**Exercise prompt:**
Images are to be excluded, and the rest of the data repeated exactly.

**Dataset extract:**
_ _ _ _ _ _ _
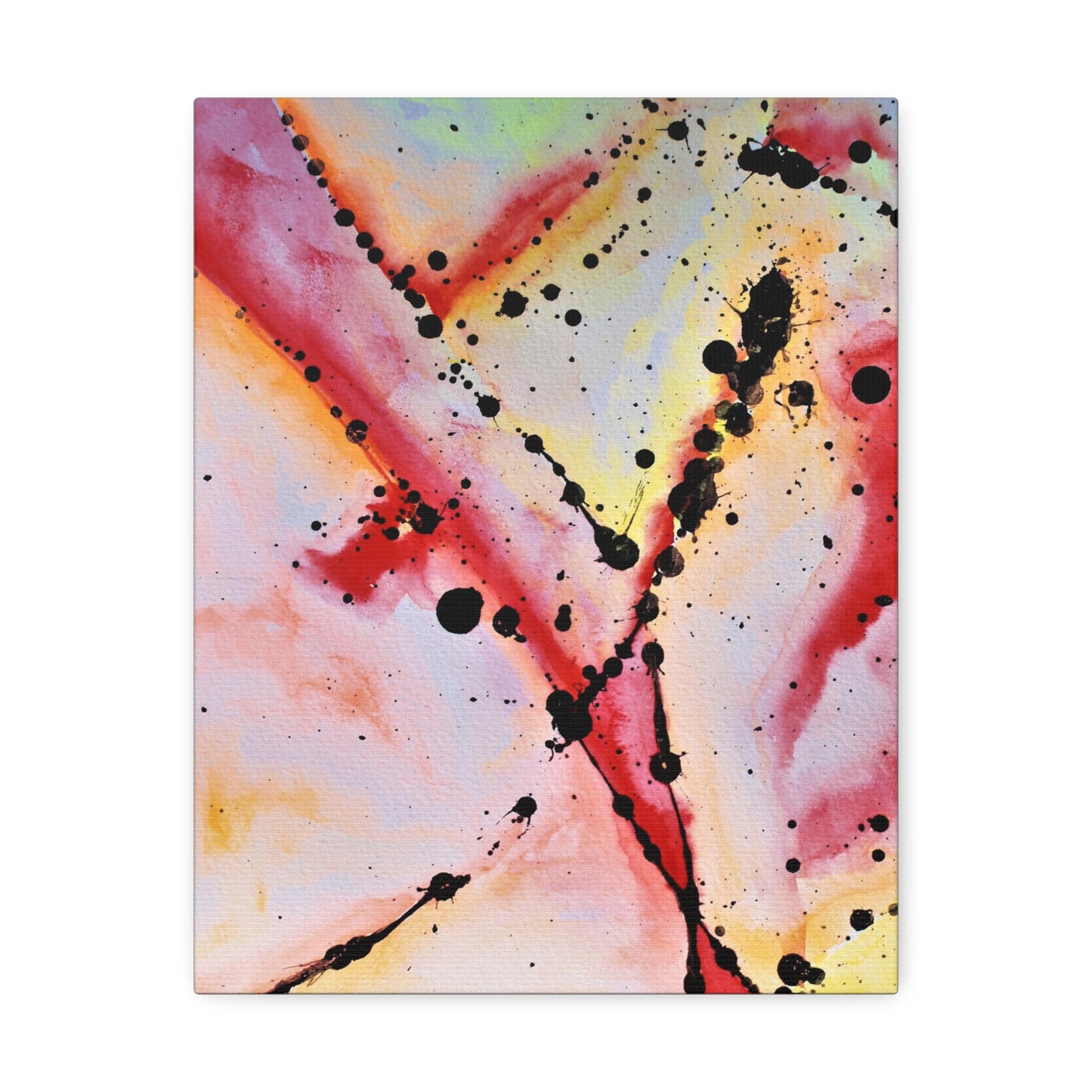 Red Hot Love Stretched Canvas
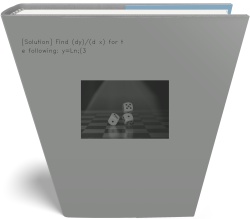 [Solution] Find (dy)/(d x) for the following:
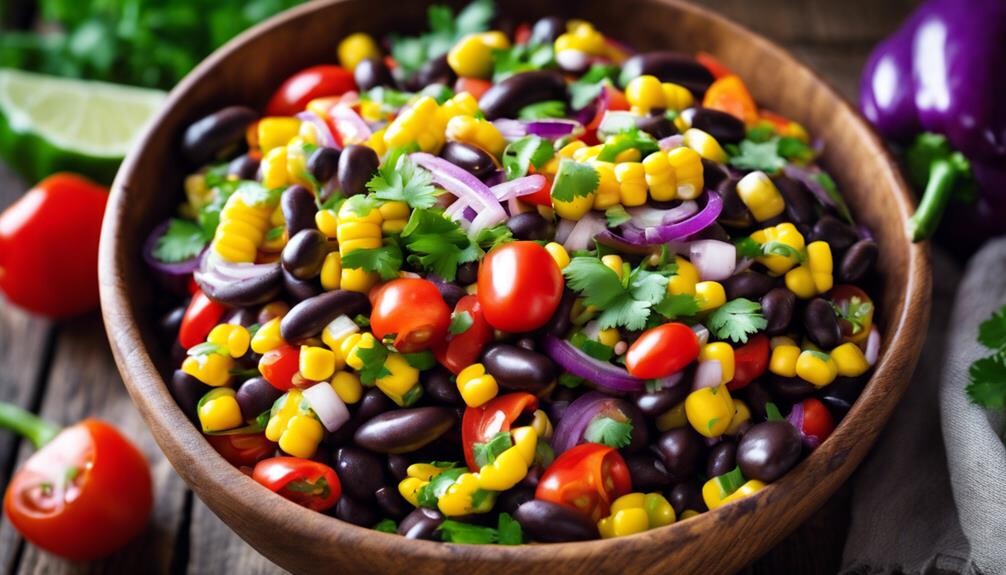 fresh and colorful salad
_ _ _ _ _ _ _
**Result for this exercise:**
 Red Hot Love Stretched Canvas
 [Solution] Find (dy)/(d x) for the following:
 fresh and colorful salad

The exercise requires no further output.